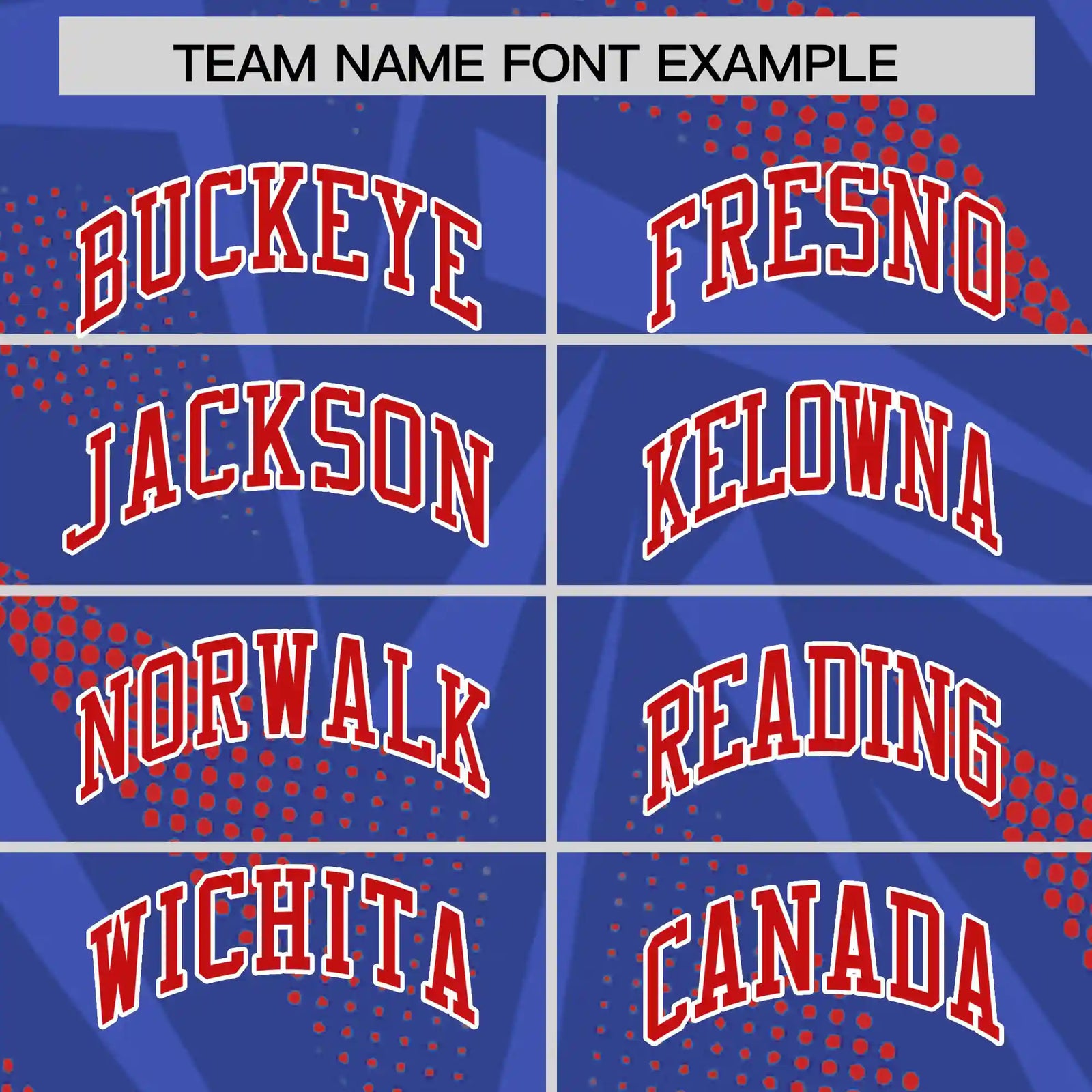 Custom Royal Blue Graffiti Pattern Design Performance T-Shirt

==

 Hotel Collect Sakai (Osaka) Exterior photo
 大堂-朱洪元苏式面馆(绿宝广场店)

## TASK TO CARRY OUT
What is asked for is an exact copy of the lines above from the one containing "Hotel Collect Sakai (Osaka) Exterior photo" through the one containing "大堂-朱洪元苏式面馆(绿宝广场店)", and only those.

## TASK RESULT
 Hotel Collect Sakai (Osaka) Exterior photo
 大堂-朱洪元苏式面馆(绿宝广场店)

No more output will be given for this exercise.